This is an automated email from the ASF dual-hosted git repository.
aokolnychyi pushed a commit to branch main
in repository https://gitbox.apache.org/repos/asf/iceberg.git
The following commit(s) were added to refs/heads/main by this push:
new fceea89cb4 Spark 3.5: Don't cache or reuse manifest entries while
rewriting metadata by default (#8935)
fceea89cb4 is described below
commit fceea89cb4a8f781641aa65456801b1cd40d0d03
Author: Anton Okolnychyi <[email protected]>
AuthorDate: Mon Oct 30 10:53:23 2023 -0700
Spark 3.5: Don't cache or reuse manifest entries while rewriting metadata
by default (#8935)
The action for rewriting manifests caches the manifest entry DF or does an
extra shuffle in order to skip reading the actual manifest files twice. We did
this assuming it would increase the performance. However, the caching seems to
perform poorly for larger tables as it requires substantial cluster resources.

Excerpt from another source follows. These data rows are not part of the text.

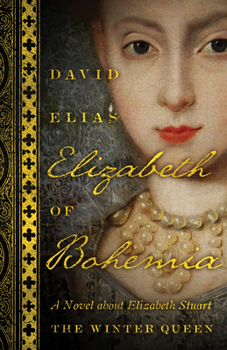 Paperback Elizabeth of Bohemia: A Novel about Elizabeth Stuart, the Winter Queen Book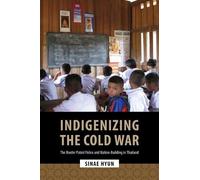 Sinae Hyun Indigenizing the Cold War (Copertina rigida)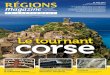 corse Le tournant - Régions Magazine...NP NP 3,2 millions, le nombre de visiteurs en 2016. 8,2 milliards d’euros, le PIB de la Corse, soit 26.800 euros/ habitant (18˜% inférieur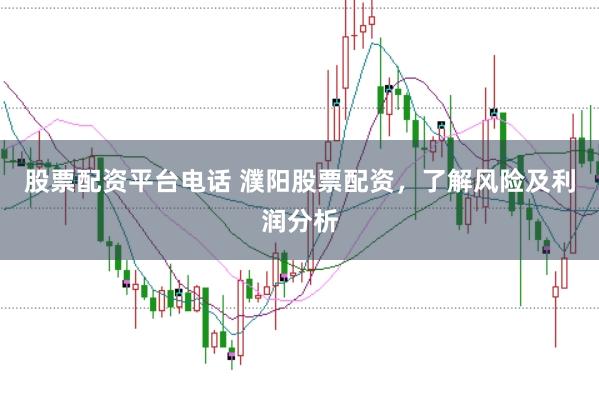股票配资平台电话 濮阳股票配资，了解风险及利润分析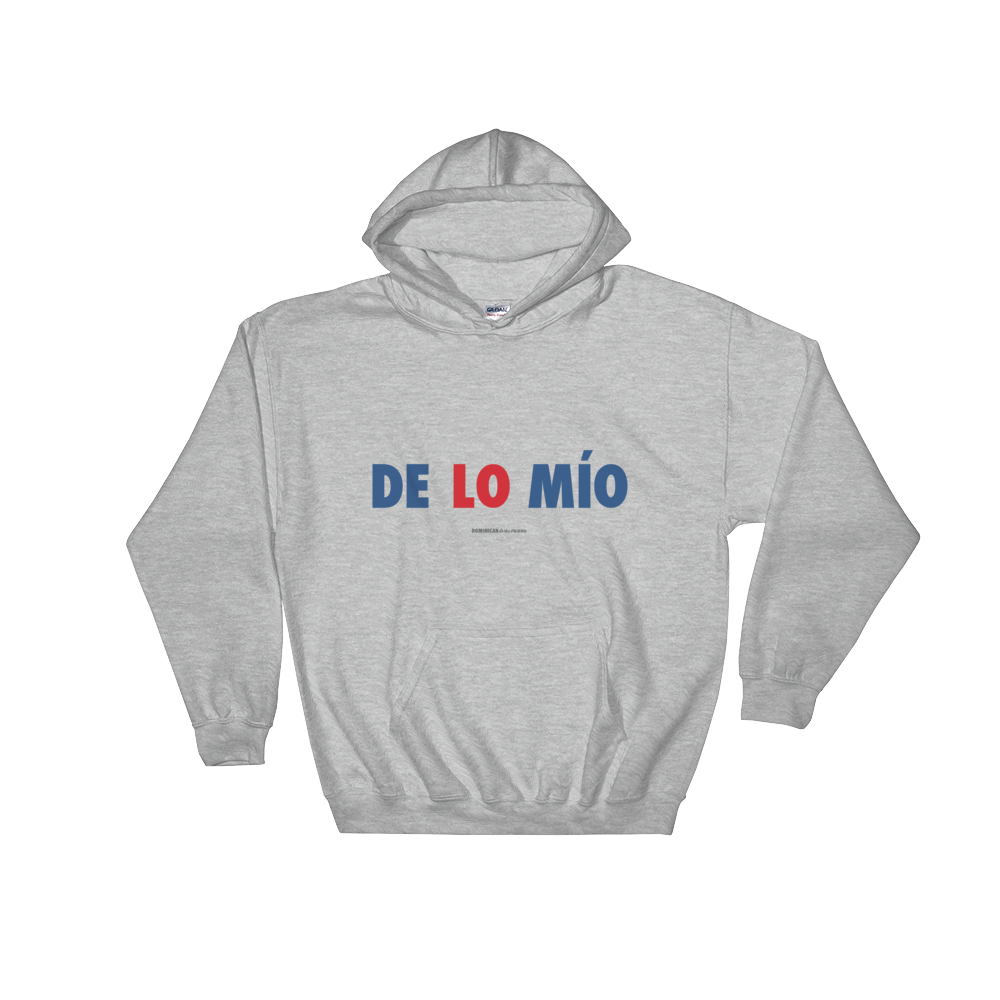 De Lo Mio Unisex Hoodie  - 2020 - DominicanGirlfriend.com - Frases Dominicanas - República Dominicana Lifestyle Graphic T-Shirts Streetwear & Accessories - New York - Bronx - Washington Heights - Miami - Florida - Boca Chica - USA - Dominican Clothing
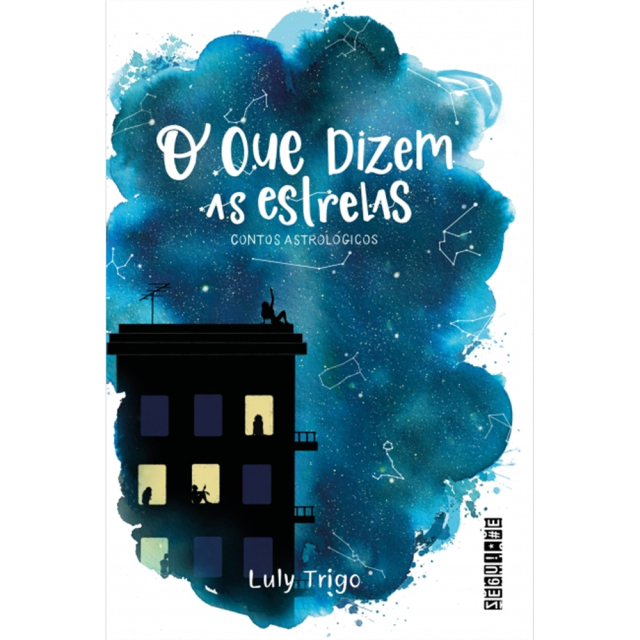O que dizem as estrelas, de Luly Trigo, publicado pela editora Seguinte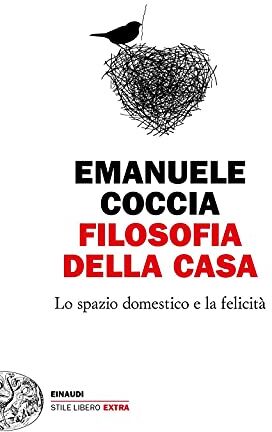Emanuele Coccia - Filosofia della casa. Lo spazio domestico e la felicità - Preis vom 09.10.2026 07:28:09 h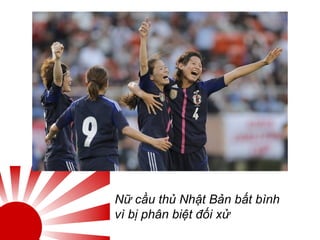 Nữ cầu thủ Nhật Bản bất bình
vì bị phân biệt đối xử
 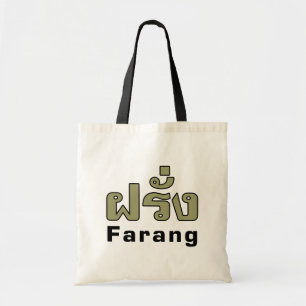 Farang ♦ Buitenlanders in het Thaise Taalscript ♦ Tote Bag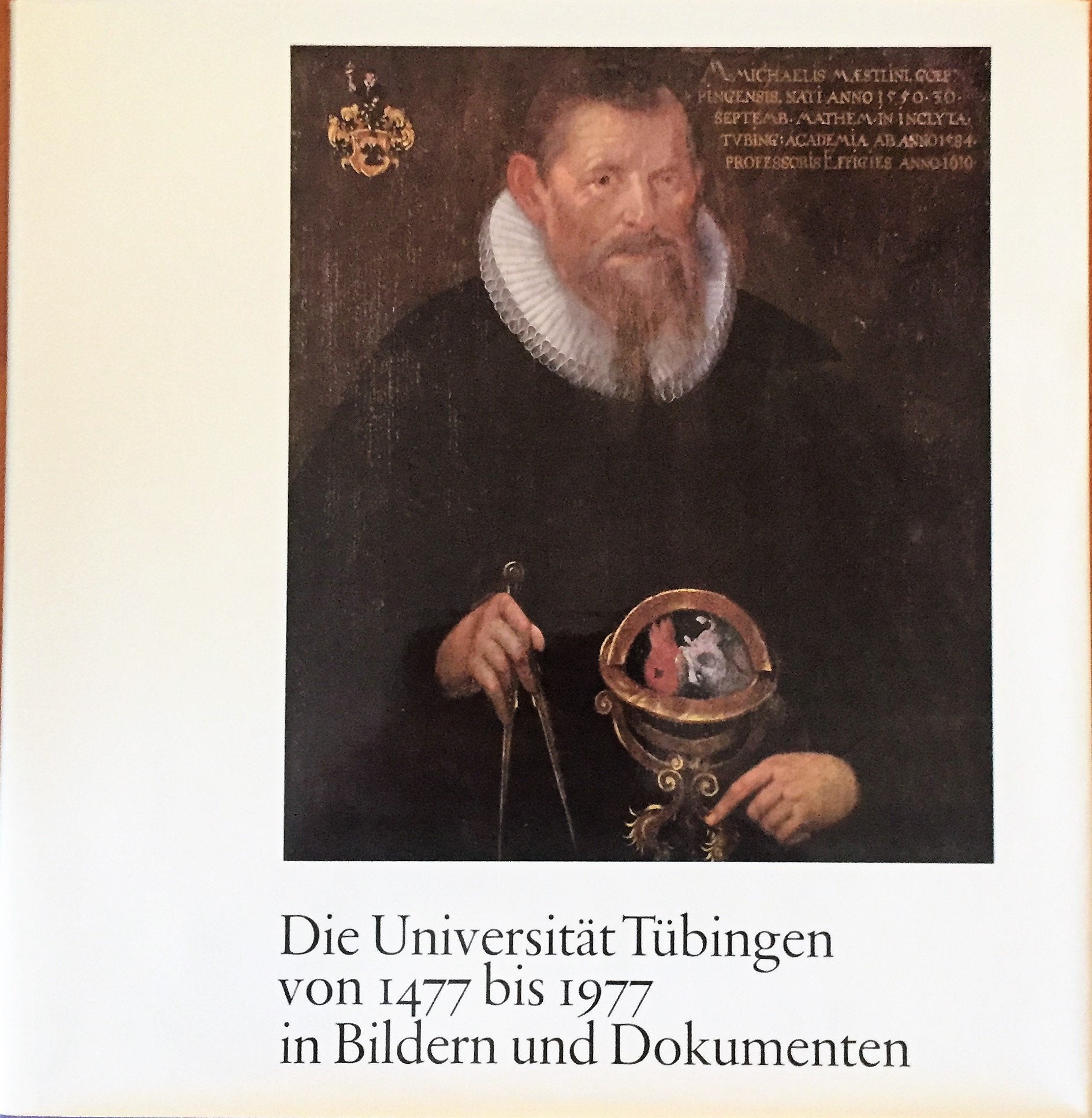 Die Universität Tübingen von 1477 bis 1977 in Bildern und Dokumenten. 500 Jahre Eberhard-Karls-Universität Tübingen. Books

In addition, doing a round-robin repartition is expensive as the entries must
be written to disk. The extra write is actually more expensive than the extra
read required for the [...]
Therefore, this change disables caching by default and removes the optional
round-robin repartition step. Instead, we will read the manifests twice (this
step is distributed and scales really well even for tables with huge metadata).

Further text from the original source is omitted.